PMC Copyright notice

Mouse TDRD9 Is an ATPase, and Its Activity Is Essential for Transposon Silencing, but Not for piRNA Biogenesis

(A) Domain architecture of mouse TDRD9 with putative consensus amino acid residues responsible for ATP binding and ATP hydrolysis is shown. The point mutation E257Q that abolishes ATPase activity is indicated.

(B) Quality of recombinant mouse TDRD9 protein used for ATPase assays. Wild-type and E257Q point mutant versions were produced.

(C) Thin-layer chromatography of ATPase reactions revealing the faster-migrating free phosphate in the presence of the wild-type TDRD9 protein.

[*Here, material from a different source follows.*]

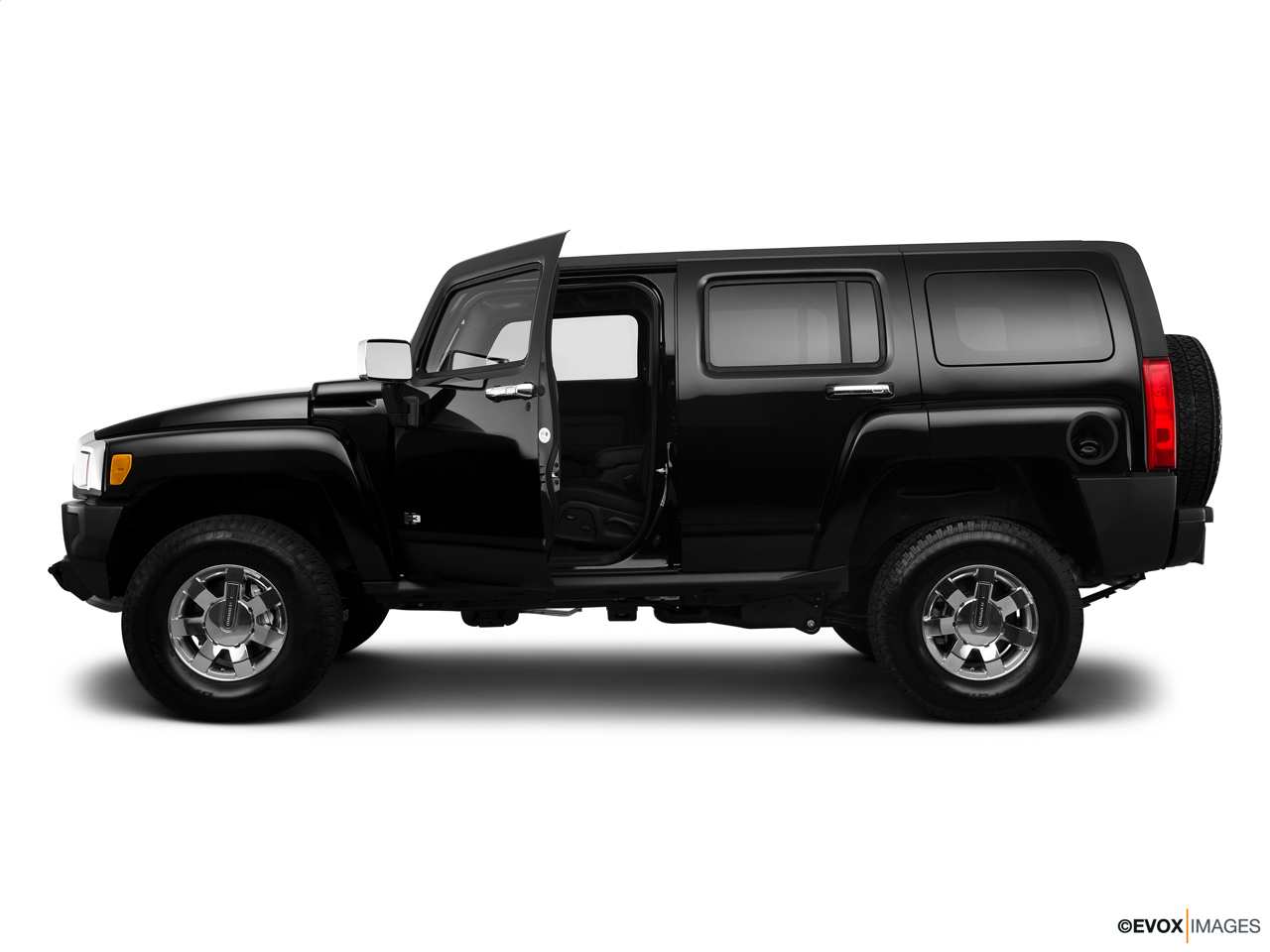 2010 Hummer H3 Base Driver's side profile with drivers side door open.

(D) Creation of the catalytic-dead Tdrd9 knockin (KI) mouse carrying the E257Q mutation in the ATPase motif (DEVH → DQVH). The same mouse line also allows creation of the knockout (−/−) mutant, by using loxP sites flanking exons 3–5. See also Figure S6.

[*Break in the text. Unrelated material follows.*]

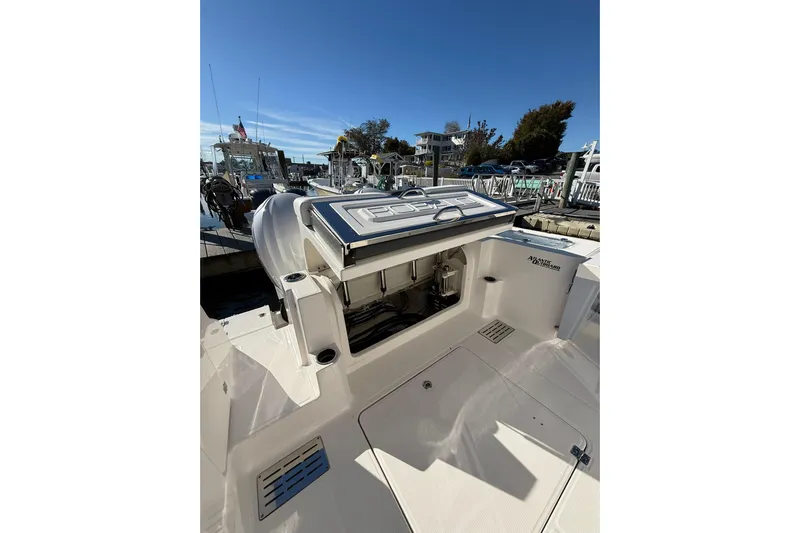  Yacht Photos Pics 2025 Robalo R300 Center Console boat at marina, showcasing open storage compartment.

(E) Representative image of adult testes from indicated genotypes, showing atrophied testes in homozygous Tdrd9 knockout and knockin mutants.

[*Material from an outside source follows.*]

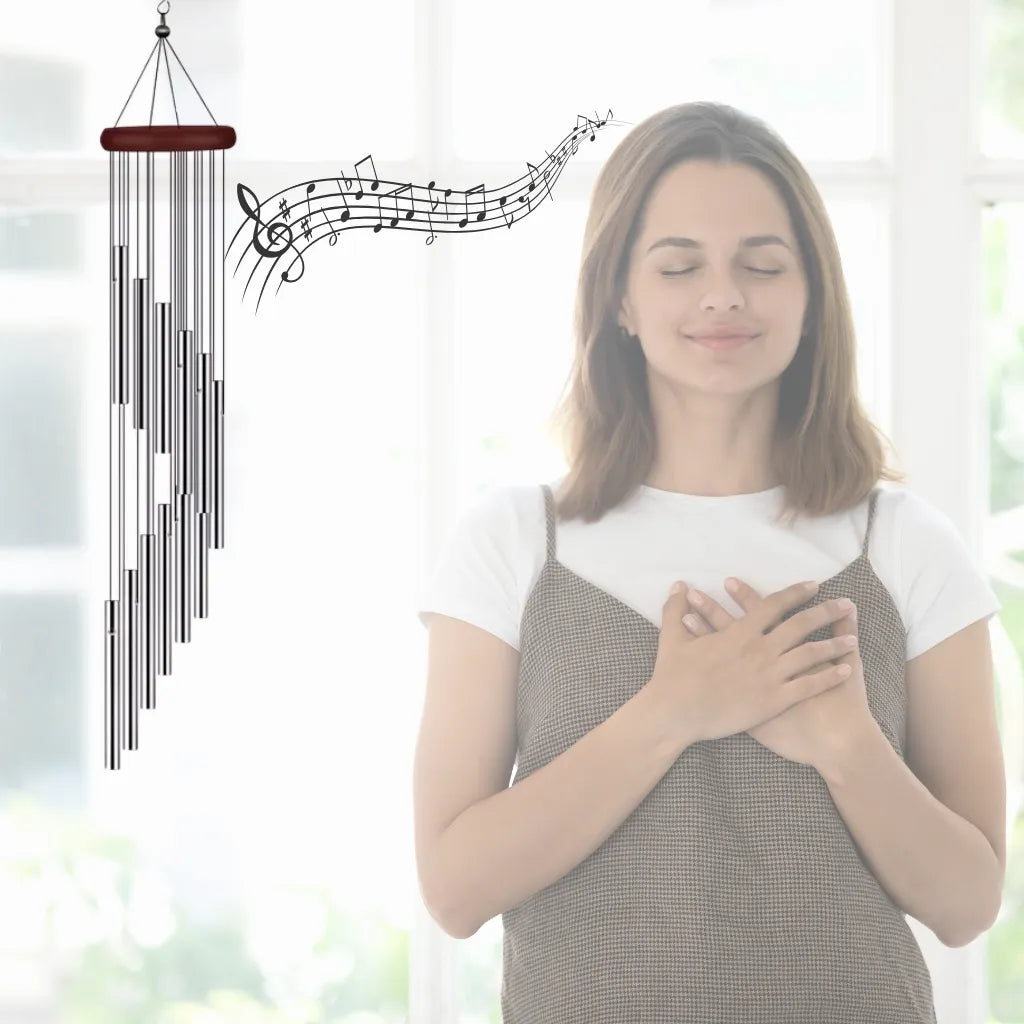 Windspiel mit spiralförmigen Röhren und Notenlinien, symbolisiert Ruhe und Entspannung bei meditierender Frau.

(F) H&E staining of adult testes from homozygous Tdrd9 knockin mutant showing arrested germ cell development. Scale bar, 40 μm. See also Figure S7A.

(G) Northern analysis of transposons in total testicular RNA, showing derepression of LINE1 retrotransposons in homozygous Tdrd9 knockout and knockin mutants. Age of donor animals is indicated.

(H) Western analysis of total testicular lysates for L1ORF1p expression. MILI (germ cell marker) and TUBULIN (loading control) expression was also examined.

(I) Methylation-sensitive Southern blotting for LINE1 genomic loci. The red arrows point to fragments appearing under conditions of reduced DNA methylation in the homozygous Tdrd9 mutants. H, HpaII-digested DNA; M, MspI-digested DNA.

(J) Immunoprecipitation of PIWI proteins and 5′ end labeling of associated small RNAs from neonatal (P0) testes.

(K) Comparison of MILI-associated piRNAs mapping to individual repeats. There is a striking enrichment of the piRNAs produced from LINE and LTR repeats in Tdrd9 mutants (Tdrd9^KI/KI and Tdrd9^−/−). See also Figure S8.

(L) Graphs show the distribution of MIWI2-associated piRNAs mapped along B1Mus1.SINE consensus sequence, revealing a depletion of piRNAs in the Tdrd9^KI/KI and Tdrd9^−/− mutants.

(M) Immunofluorescence analysis of indicated proteins in embryonic testes (embryonic day 16.5) of the different genotypes. Note the nucleo-cytoplasmic distribution of TDRD9 in wild-type germ cells, while it is restricted to the cytoplasm in the Tdrd9^KI/KI mutant.